Una de las misiones del párroco en una Comunidad -no la única pero sí una de suma importancia- es la de “ser educador de la fe”. Es una misión irrenunciable; la presencia del sacerdote y el sentido presbiteral no tendrían sentido sin esta misión. El Párroco hace presente el objeto de nuestra fe, a Jesús el Buen Pastor, el que siembra la semilla de la fe en las personas y pide a sus colaboradores ministeriales (servidores: Papa, Obispos, Presbíteros y Diáconos) que, además de transmitir la fe, la eduquen. Sería incongruente pensar que el Párroco es el empleado eclesiástico encargado de distribuir sacramentos sin ton ni son y que la palabra “administrar”, sea igual a “repartir” sin más los signos cristianos.
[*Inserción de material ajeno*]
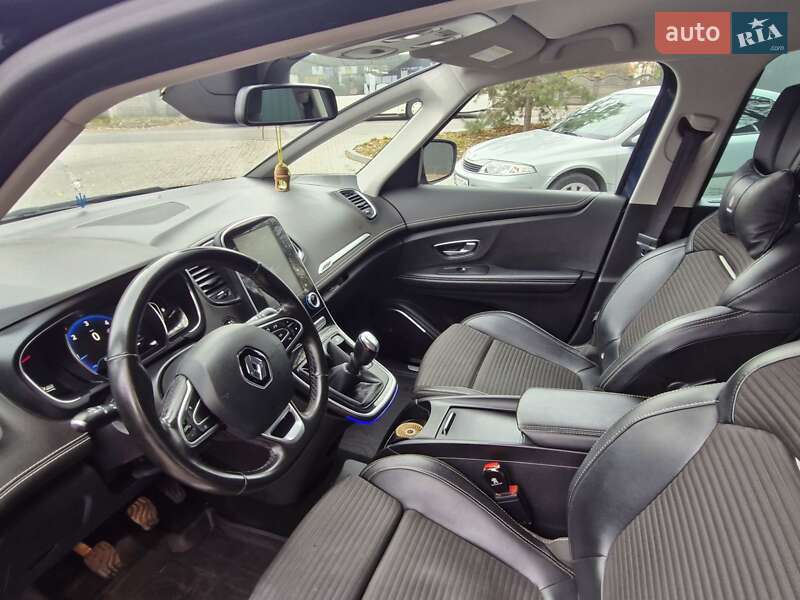 Минивэн Renault Grand Scenic 2017 в Хмельницком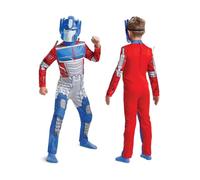Disguise Costume Optimus Prime officiel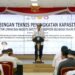 Buka Bimtek Satlinmas Bulungan, Sanusi Tekankan Peran Strategis Linmas
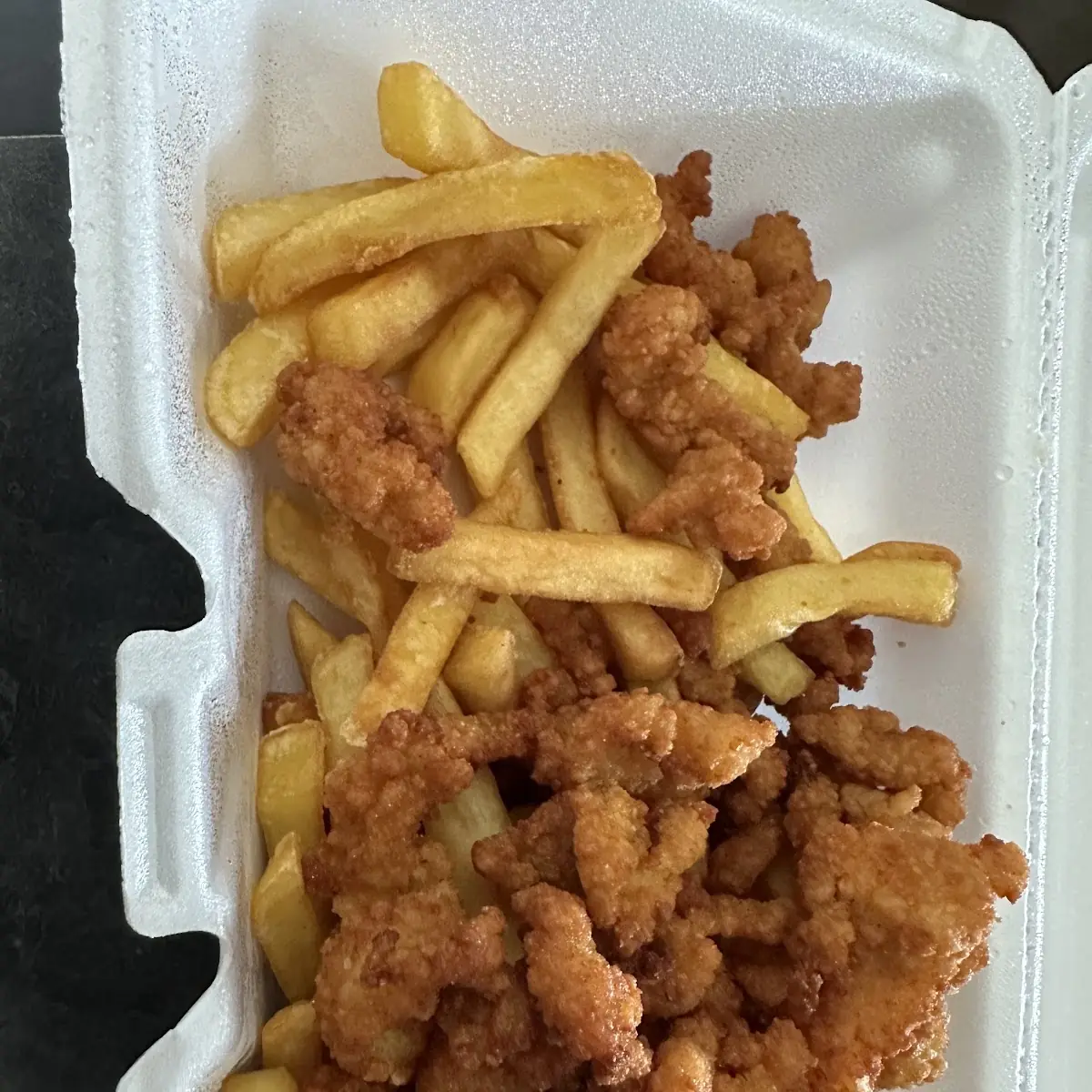 Fried Clams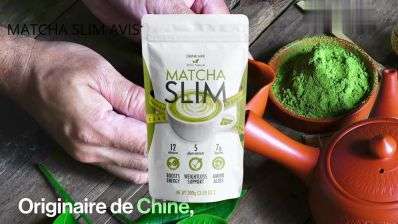 Matcha Slim Canada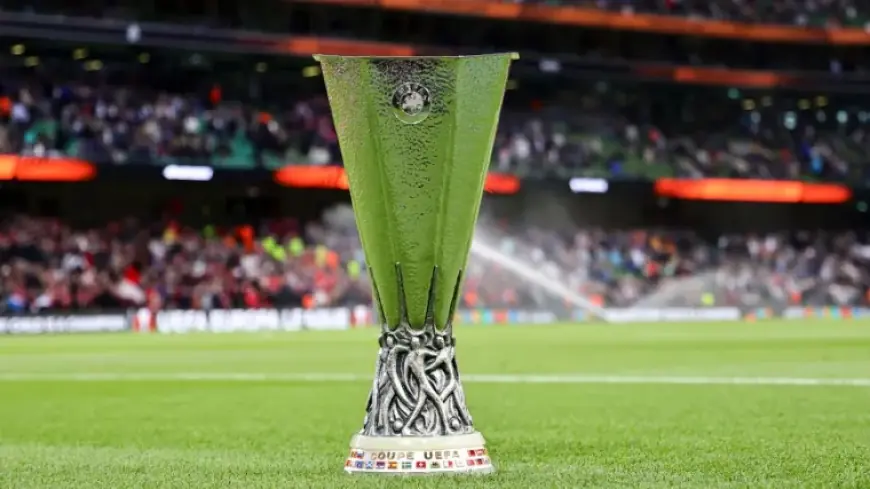 Europa League Round of 16 Draw: Key Details and Playoff Information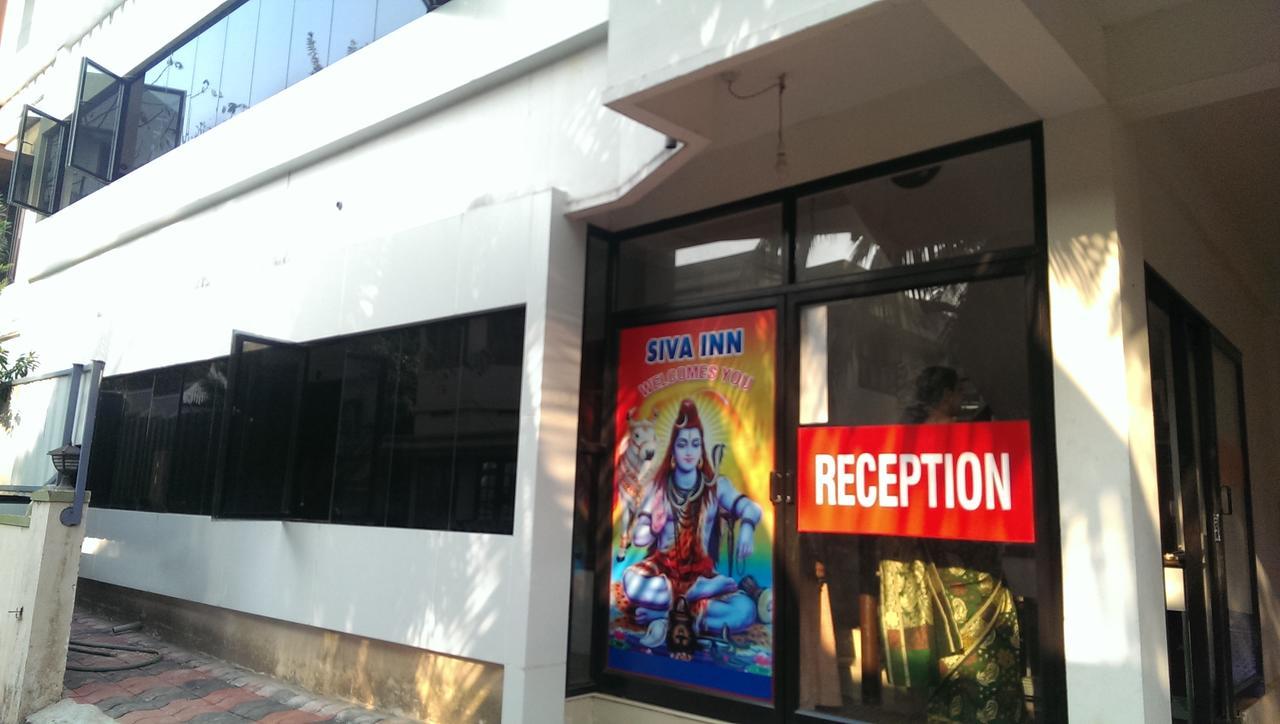 Shiva Inn Guruvāyūr Eksteriør billede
Educar viene de “e-ducere” (conducir de adentro hacia afuera). El mejor ejemplo, tomado de la misma naturaleza, es el de la semilla que el agricultor coloca en la tierra preparada. En este caso la semilla la pone el mismo Jesús (son los tres dones sobrenaturales: Fe, Esperanza, Amor). Luego Él, a través de sus colaboradores, tiene que hacer que esa semilla se desarrolle, regándola, abonándola, cuidándola; más tarde esa semillita se irá convirtiendo en plantita y, por lo tanto, necesitará un tutor (lo importante de este elemento) para que no se deje vencer por los vientos; necesitará también que el agricultor le pode todas las ramitas que se van en vicio y dificultan el crecimiento fuerte y seguro. El objetivo es que esa planta dé los frutos propios de la naturaleza de la semilla. En este caso, la semilla de la fe dará los frutos de vida cristiana, que son las obras…
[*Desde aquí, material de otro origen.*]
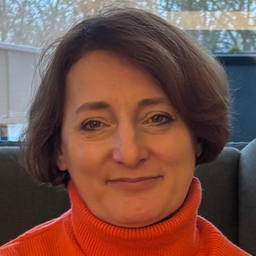 Zdjęcie mgr Natalia Kamińska - Czajka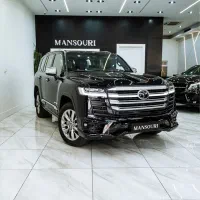 لندکروز  ۲۰۲۲ vxr گذر موقت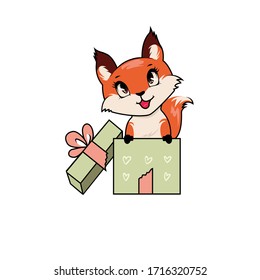 3,868 Fox In A Box Images, Stock Photos & Vectors | Shutterstock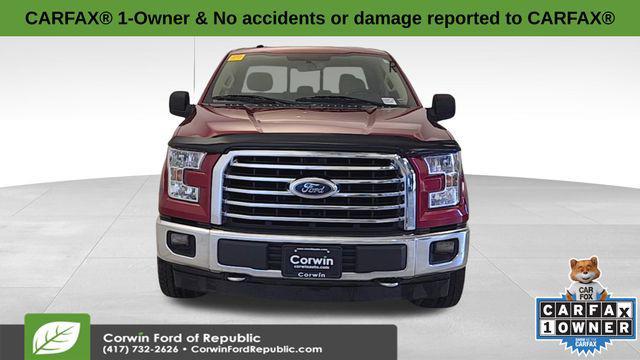 used 2017 Ford F-150 car, priced at $14,446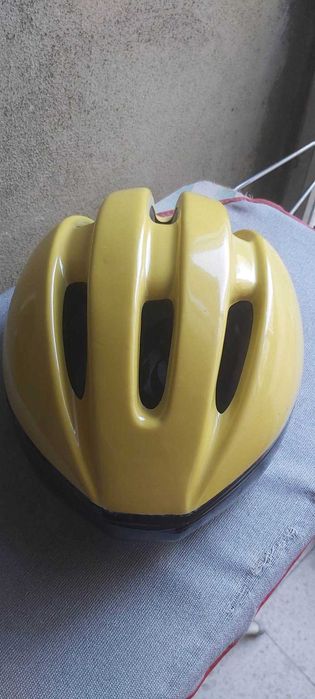 Capacete p/ Bicicleta/Trotinete/Patins/Skate (Novo)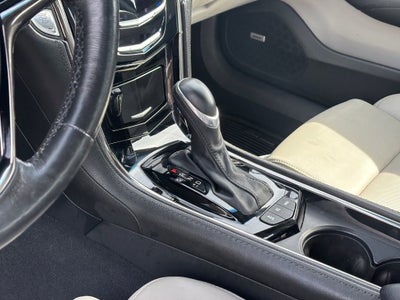 2017 Cadillac ATS Luxury RWD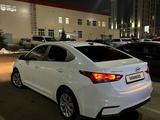 Hyundai Solaris 2019 года за 7 300 000 тг. в Алматы – фото 4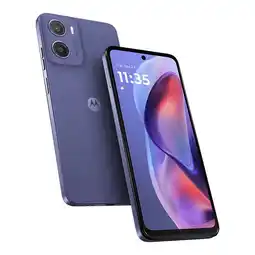 Falabella Celular E15 64GB RAM 2GB + 4GB MORADO oferta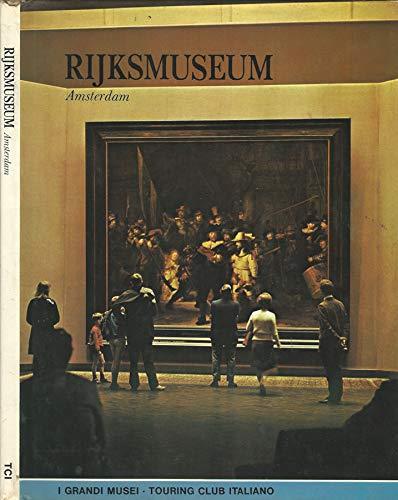 Rijksmuseum. Amsterdam - Paolo Lecaldano - copertina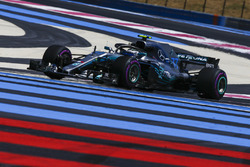 Valtteri Bottas, Mercedes-AMG F1 W09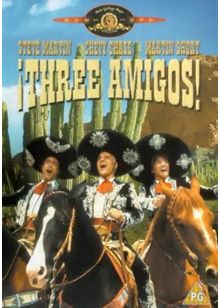 Three Amigos (1987)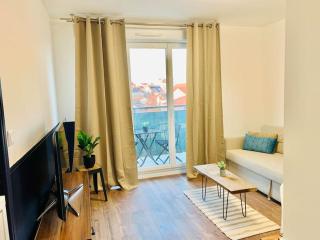 Appartement T2 idéal pour familles ou séjour d affaire - Argenteuil - 8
¿Cuál es el potencial escondido en la semilla? ¡Es Jesús!, ese es el contenido de nuestra fe. Es la Palabra hecha carne que anuncia quién es Dios y qué es el hombre; el que da la vida para unir lo humano con lo divino, el que nos devuelve la filiación divina; el que  perdona los pecados. Por eso, lo que el agricultor tiene que cuidar es que la Palabra de Dios se desarrolle y crezca  para que quien se dice cristiano se convierta en otro Cristo.
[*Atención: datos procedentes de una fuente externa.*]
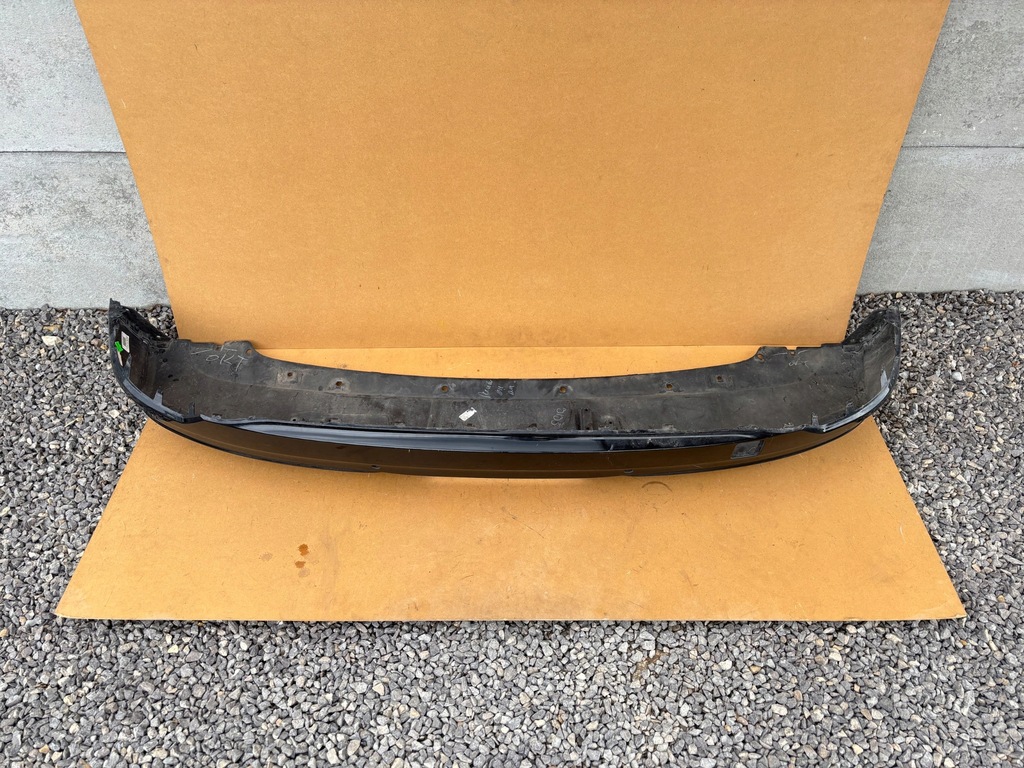 фото №8, Бампер задня задній спойлер ford mustang mach-e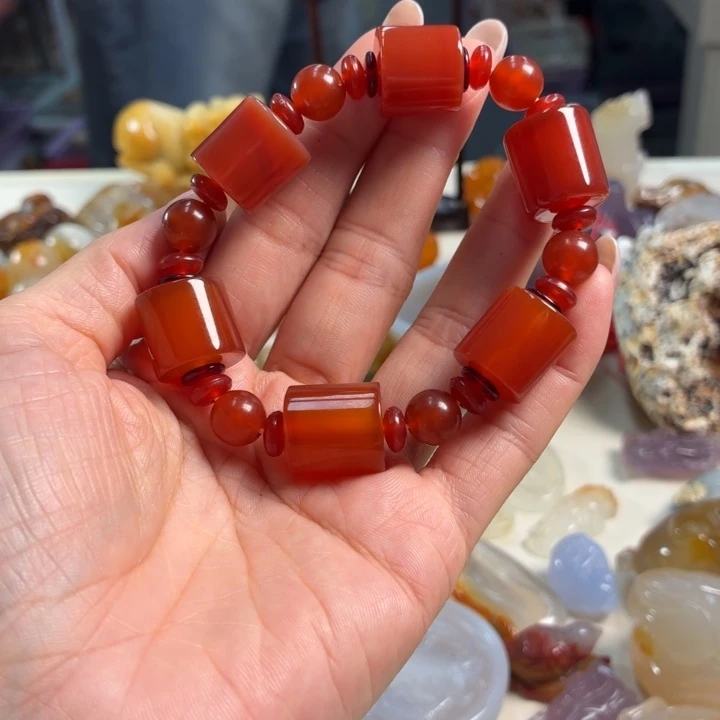 未镶嵌吊坠(不含链)玛瑙/玉髓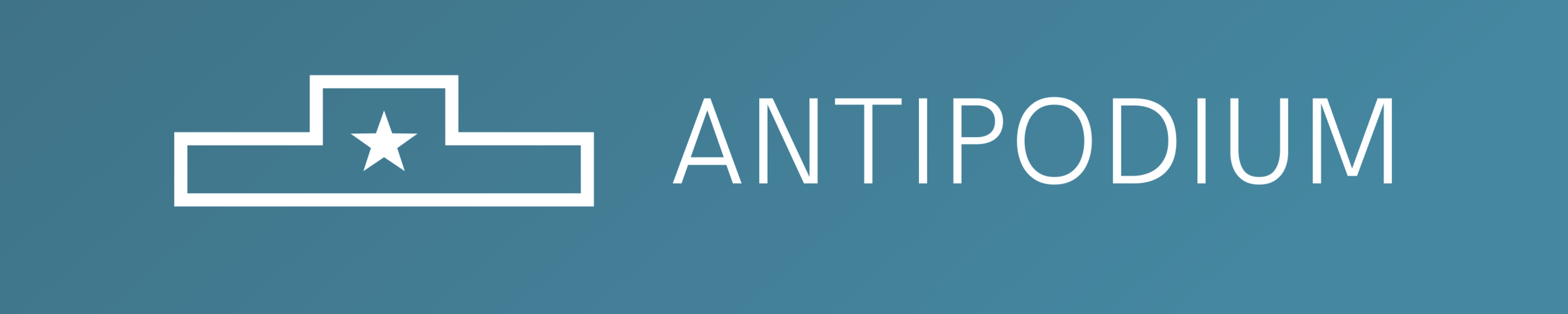 ANTIPODIUM logo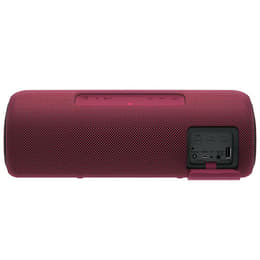 Sony SRS-XB41 Bluetooth Speakers - Red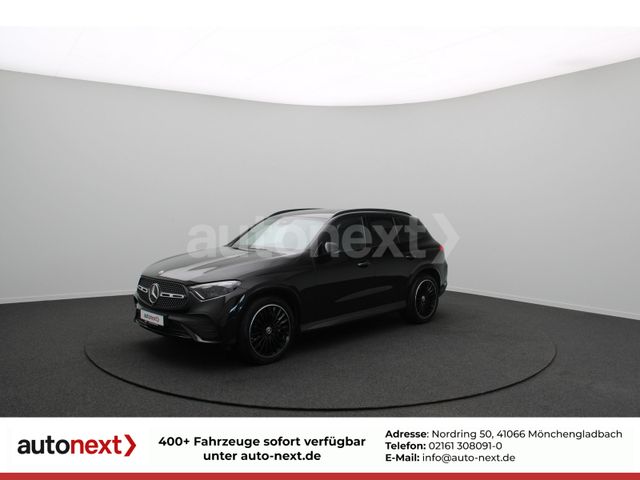 MERCEDES-BENZ GLC 300d 4Matic *2xAMG* Advanced+Night+360° (123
Conocemos las dificultades de vivir esta misión. La cultura del individualismo, el “yo me las arreglo sólo”, hace difícil educar y ser educado. Nos cuesta saber escuchar y rumiar, en este mundo frenético cuesta interesarse por las realidades de Dios (la Fe); la superficialidad, la falta de mirada sacramental (ver solo lo humano), etc. impide que la semilla crezca.  Consuela el hecho de saber que ni Juan el Bautista (que predicaba en el desierto), ni el resto de los profetas, ni aún el mismo Jesús tuvieron mucho éxito. Pero igualmente podemos ver que Dios ha seguido y sigue su camino de salvación. Él será el Juez frente a nuestras decisiones,  respuestas y sinceridad de intenciones.